Captured at Toulon by the British and transferred to Gibraltar, he escaped to Lorient. Promoted to enseigne de vaisseau, Dubourdieu sailed on the corvette Gaieté. Gaieté was captured and Dubourdieu was imprisoned again until 1799.

Captured a third time in Alexandria in 1800, he was exchanged and promoted to lieutenant de vaisseau. In 1805, he was made a capitaine de frégate. In 1807, he took command of the frigate Pénélope and captured thirteen British merchantmen.

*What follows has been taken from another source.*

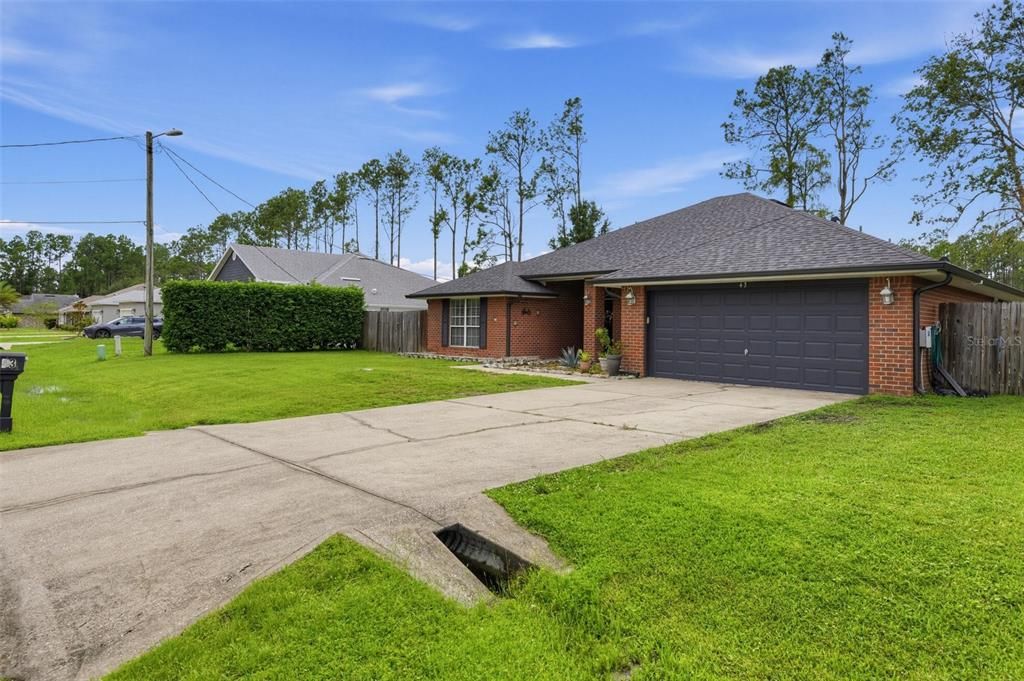For Sale: $369,900 (4 beds, 2 baths, 2325 Square Feet)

In the action of 27 February 1809, along with the frigate Pauline, he captured blockading Toulon.

On 23 October 1810, he raided Lissa and captured six ships in the harbour. He was then tasked to capture the island and establish a base there. Promoted to contre-amiral, Dubourdieu set sail with six frigates. In the ensuing Battle of Lissa, the French were routed and Dubourdieu was killed.